É muito provável que a maçonaria nacional tenha somente assumido mais definitivamente este caráter depois da ação internacional de Domingos Martins e de Cruz Cabugá. As primitivas sociedades secretas — areópago, academias, universidades, oficinas, etc. — eram certamente centros brasileiros: as lojas propriamente maçónicas tinham sido, pelo contrário, de origem portuguesa. Instalada por portugueses foi a loja baiana Virtude e Razão, do rito francês, que se subdividiu e foi o núcleo do Grande Oriente do Brasil, ao qual era subordinada, como escreve o autor desta His~, tória, a grande loja provincial de Pernambuco que dirigia as quatro apontadas.

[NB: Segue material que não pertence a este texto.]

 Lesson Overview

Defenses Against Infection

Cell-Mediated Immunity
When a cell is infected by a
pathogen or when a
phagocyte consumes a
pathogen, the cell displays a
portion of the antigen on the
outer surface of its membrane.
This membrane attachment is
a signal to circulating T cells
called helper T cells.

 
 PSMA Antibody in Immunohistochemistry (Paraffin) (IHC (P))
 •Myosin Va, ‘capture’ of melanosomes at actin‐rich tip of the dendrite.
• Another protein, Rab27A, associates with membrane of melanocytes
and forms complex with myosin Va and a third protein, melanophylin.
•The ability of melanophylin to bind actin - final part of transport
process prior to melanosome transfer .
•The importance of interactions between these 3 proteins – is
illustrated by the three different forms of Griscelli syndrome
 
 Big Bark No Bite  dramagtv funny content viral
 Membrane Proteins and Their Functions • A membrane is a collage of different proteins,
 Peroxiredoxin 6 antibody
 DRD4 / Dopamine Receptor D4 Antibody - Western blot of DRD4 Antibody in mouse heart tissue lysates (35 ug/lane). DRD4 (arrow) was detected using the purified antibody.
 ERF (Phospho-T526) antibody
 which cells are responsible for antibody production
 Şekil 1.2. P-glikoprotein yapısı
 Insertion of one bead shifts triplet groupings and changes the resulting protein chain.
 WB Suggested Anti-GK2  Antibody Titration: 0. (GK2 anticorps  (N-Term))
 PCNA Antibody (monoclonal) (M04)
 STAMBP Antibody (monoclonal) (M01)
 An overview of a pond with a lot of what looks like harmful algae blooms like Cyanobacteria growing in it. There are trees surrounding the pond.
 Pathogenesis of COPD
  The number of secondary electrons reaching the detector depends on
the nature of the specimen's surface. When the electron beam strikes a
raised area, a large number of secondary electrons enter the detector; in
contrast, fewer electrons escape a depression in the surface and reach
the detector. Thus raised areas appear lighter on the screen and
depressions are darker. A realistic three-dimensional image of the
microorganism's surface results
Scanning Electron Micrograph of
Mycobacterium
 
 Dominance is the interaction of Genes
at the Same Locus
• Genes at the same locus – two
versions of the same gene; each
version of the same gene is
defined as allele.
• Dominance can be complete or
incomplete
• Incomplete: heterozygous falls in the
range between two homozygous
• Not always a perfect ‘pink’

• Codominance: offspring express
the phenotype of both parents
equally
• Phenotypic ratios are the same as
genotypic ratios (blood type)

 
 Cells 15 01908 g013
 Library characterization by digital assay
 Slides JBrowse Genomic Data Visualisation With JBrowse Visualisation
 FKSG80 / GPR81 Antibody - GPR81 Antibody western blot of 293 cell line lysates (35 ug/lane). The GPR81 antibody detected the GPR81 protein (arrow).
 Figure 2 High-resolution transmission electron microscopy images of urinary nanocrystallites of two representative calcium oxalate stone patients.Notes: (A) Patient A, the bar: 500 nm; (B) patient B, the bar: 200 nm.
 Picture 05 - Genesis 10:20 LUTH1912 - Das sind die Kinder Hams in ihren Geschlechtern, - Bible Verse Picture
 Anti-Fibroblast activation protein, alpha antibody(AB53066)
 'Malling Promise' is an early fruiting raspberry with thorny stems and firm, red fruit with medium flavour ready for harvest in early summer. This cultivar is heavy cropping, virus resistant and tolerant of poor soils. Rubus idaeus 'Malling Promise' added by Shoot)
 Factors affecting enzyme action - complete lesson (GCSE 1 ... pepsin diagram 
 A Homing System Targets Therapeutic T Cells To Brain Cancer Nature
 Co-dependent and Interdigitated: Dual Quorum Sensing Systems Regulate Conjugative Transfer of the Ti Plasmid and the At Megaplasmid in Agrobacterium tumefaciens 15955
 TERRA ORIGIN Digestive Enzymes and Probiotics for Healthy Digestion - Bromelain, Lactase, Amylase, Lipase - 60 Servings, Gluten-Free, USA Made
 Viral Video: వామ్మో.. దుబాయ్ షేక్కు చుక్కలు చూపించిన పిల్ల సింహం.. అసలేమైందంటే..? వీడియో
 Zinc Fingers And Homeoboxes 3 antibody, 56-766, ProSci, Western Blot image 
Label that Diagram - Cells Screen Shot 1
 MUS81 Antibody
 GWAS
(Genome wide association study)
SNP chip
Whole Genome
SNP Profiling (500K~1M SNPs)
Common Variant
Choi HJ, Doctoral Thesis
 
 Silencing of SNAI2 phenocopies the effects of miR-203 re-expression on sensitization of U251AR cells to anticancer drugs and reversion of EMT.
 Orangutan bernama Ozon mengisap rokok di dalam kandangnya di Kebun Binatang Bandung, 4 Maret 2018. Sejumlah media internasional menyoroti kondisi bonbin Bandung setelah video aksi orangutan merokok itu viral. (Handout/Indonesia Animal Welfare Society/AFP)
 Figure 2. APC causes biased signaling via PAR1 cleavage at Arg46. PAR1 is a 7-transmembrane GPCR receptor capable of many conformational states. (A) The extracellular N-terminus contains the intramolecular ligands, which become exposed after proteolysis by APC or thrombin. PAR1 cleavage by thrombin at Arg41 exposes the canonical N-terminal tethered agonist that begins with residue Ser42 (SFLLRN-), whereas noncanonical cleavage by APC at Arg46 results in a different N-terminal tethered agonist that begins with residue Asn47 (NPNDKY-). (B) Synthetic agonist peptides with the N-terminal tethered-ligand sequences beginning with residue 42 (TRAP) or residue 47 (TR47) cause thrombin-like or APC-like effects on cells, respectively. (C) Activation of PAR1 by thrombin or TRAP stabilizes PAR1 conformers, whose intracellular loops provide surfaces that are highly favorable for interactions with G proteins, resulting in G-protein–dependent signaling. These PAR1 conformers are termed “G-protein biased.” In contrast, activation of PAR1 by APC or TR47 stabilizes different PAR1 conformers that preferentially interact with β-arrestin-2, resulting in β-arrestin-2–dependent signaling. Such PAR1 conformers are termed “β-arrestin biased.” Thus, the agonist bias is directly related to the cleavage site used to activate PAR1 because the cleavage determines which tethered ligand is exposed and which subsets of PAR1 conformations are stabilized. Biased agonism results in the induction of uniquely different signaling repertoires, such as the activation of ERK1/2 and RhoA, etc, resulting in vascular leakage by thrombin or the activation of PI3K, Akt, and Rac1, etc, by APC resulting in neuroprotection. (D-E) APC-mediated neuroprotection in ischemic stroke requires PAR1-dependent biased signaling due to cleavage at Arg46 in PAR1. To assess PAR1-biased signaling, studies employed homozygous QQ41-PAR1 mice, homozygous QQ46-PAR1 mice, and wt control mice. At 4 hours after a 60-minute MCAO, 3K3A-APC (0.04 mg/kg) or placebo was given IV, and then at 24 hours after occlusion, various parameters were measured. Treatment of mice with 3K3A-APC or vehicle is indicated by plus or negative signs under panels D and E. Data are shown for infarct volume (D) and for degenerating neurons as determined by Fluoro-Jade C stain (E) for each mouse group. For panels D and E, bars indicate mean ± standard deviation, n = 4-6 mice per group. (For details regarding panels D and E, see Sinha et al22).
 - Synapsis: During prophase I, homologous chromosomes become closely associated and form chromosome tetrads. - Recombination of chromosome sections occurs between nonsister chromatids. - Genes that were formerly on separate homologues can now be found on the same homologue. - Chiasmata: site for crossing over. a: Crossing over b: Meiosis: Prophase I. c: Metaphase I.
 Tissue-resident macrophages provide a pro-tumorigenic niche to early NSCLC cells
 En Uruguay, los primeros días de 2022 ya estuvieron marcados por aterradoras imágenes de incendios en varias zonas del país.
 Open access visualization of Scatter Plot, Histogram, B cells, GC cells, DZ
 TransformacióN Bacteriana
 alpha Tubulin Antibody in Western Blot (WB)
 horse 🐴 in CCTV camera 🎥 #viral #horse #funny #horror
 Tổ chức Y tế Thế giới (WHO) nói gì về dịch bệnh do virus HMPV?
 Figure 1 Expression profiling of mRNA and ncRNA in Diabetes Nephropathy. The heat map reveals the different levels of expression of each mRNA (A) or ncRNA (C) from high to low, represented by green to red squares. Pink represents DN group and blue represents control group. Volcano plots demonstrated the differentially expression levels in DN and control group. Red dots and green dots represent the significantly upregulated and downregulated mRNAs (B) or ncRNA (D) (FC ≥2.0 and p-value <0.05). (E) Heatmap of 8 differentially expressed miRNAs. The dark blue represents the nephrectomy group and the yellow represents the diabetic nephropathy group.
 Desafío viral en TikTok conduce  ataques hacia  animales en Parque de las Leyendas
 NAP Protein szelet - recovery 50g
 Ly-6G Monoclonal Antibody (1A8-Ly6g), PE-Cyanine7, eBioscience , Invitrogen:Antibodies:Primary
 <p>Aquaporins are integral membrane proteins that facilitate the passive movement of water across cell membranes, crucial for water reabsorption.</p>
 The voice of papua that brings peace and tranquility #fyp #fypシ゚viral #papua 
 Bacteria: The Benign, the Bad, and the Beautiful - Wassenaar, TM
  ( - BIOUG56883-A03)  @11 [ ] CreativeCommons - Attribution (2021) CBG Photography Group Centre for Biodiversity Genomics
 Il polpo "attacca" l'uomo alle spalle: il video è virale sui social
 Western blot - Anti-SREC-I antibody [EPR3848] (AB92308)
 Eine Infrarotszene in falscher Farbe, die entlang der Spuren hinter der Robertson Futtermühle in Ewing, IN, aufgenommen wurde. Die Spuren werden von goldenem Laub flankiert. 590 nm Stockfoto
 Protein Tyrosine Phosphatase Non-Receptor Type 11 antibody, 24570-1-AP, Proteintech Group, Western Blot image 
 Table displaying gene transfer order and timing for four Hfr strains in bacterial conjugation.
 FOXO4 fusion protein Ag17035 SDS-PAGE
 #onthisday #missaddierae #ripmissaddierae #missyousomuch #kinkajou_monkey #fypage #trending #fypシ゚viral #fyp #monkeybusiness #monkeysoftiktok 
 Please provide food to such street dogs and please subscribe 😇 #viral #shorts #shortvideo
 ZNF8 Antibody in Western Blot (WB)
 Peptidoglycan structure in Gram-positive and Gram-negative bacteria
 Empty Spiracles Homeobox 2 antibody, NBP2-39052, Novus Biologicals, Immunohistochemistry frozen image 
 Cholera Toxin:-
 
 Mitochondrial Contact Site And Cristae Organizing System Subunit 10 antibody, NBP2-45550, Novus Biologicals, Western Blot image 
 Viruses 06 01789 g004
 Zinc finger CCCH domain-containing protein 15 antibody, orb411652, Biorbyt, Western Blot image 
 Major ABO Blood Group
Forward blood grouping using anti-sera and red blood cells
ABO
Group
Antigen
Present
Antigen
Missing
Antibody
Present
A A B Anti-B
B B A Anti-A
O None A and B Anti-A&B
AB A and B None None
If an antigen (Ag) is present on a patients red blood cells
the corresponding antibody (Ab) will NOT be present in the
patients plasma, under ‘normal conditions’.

As três lojas do Rio de Janeiro de que se fêz menção foram autorizadas pelo Grande Oriente Lusitano, ao qual estavam filiadas, sendo porém outro o seu vôo por terem sido denunciadas ao Conde dos Arcos, vice-rei antes da chegada do Príncipe-Regente. Perseguidas pelo representante da autoridade régia, no exercício dos seus deveres, tiveram de fechar, mas continuou vivaz a idéia, mesmo porque a perseguição raramente consegue entibiar os entusiasmos, antes os estimula. Em 1815, sob o regímen da Corte, era instalada a loja Comércio e Artes que mais tarde, em 1821, nas vésperas da Independência, se subdividiu em três — Comércio e Artes, União e Tranqüilidade e Esperança de Niterói para a organização do Grande Oriente do Brasil (Manuel Joaquim de Meneses, Exposição Histórica da Maçonaria no Brasil).
Depois da revolução pernambucana cessou o sistema de tolerância usado com as sociedades secretas — se tolerância se pode
chamar uma relativa negligência — e entraram elas a ser vigiadas do perto e dissolvidas, criando-se no Rio, para punição dos culpados, um juízo da Inconfidência. Conta Antonio de Meneses Vasconcelos Drummond, nas anotações à sua própria biografia publicada num dicionário francês de contemporâneos (Anais da Biblioteca Nacional do Rio de Janeiro, vol. XII), que na espécie de terror produzido por esse assomo de violência da parte de governo tão paternal, muitos mações entenderam denunciar-se a si mesmos, entre eles o Conde de Parati, camarista e valido do Rei. O castigo que o monarca lhe infligiu foi jocoso e prova a sua bonomia: mandou-o entrar para a Ordem Terceira de São Francisco da Penitência e conservar-se no Paço durante todo o dia do juramento com o habite de irmão. O Marquês de Angeja, outro mação confesso, resgatou sua falta entregando toda a prata da sua casa para servir as neces sidades do Estado.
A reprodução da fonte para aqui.